### WHAT THE TASK REQUIRES
Return the data that follows exactly as it appears. Pictures do not belong in the copy.

### EXERCISE DATA
◆ ◆ ◆

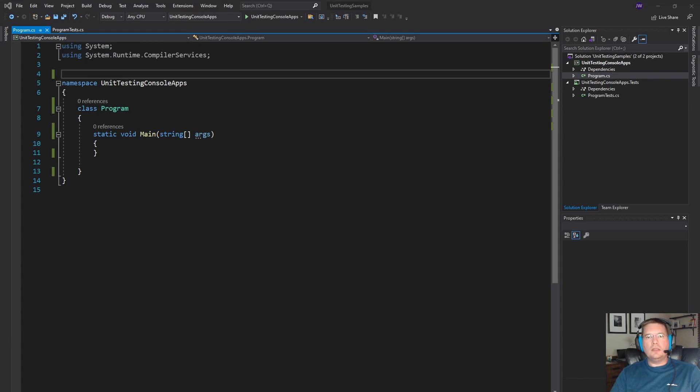Hi everybody, this is Jason. In today's tip I wanted to show you one way you might test a console application.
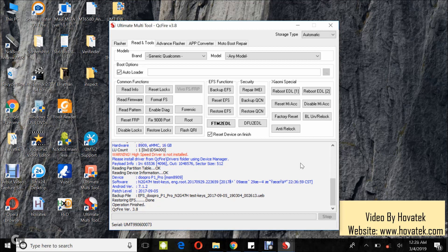So, that's how to backup and restore EFS of a Qualcomm Android device using Ultimate Multi-Tool QC Fire.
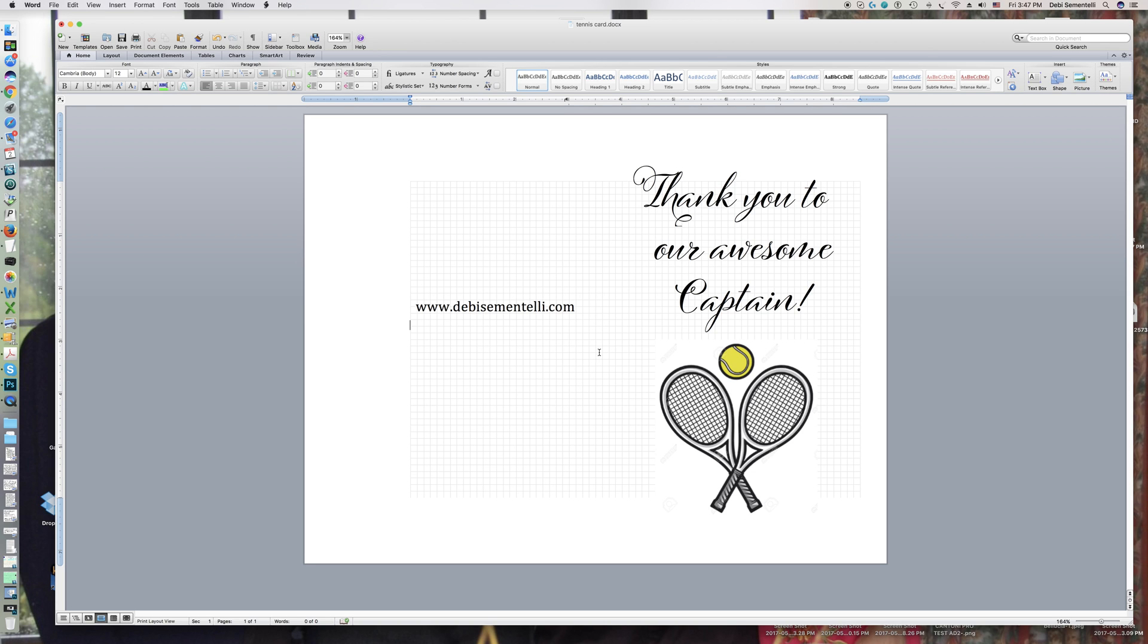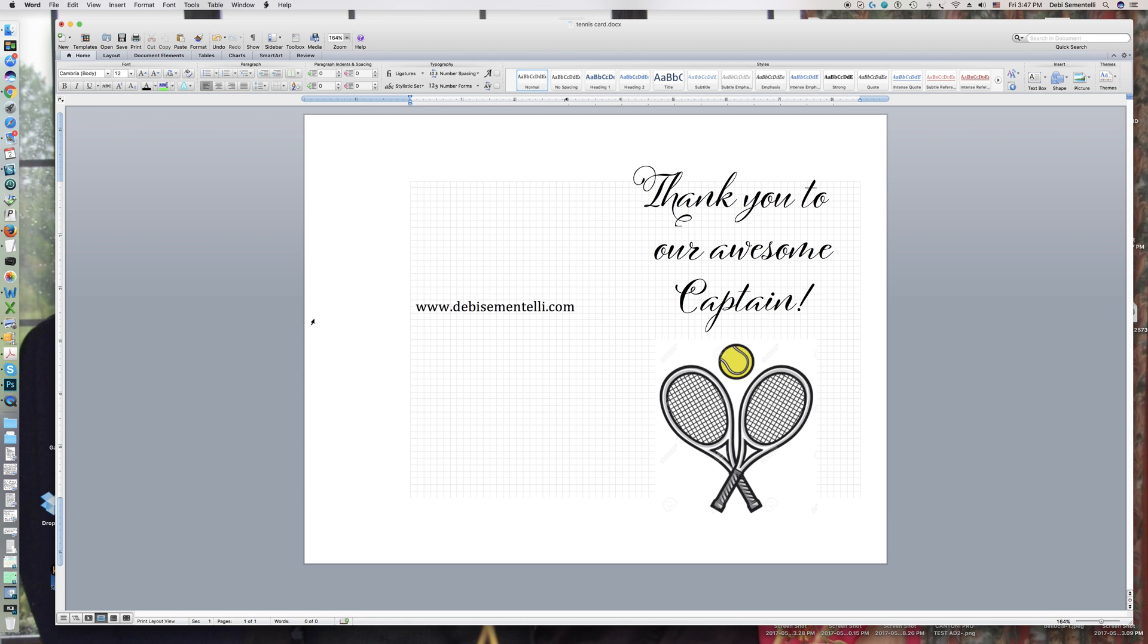So that's my tip for the day. Debbie Cimentelli.com - if you check out my website, you'll see that I have Cinque Done on sale for 40% off, and I also have some other font bundles there. So check it out, have a good day, thanks for watching, bye!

◆ ◆ ◆

### OUTPUT BELOW
Hi everybody, this is Jason. In today's tip I wanted to show you one way you might test a console application.
So, that's how to backup and restore EFS of a Qualcomm Android device using Ultimate Multi-Tool QC Fire.
So that's my tip for the day. Debbie Cimentelli.com - if you check out my website, you'll see that I have Cinque Done on sale for 40% off, and I also have some other font bundles there. So check it out, have a good day, thanks for watching, bye!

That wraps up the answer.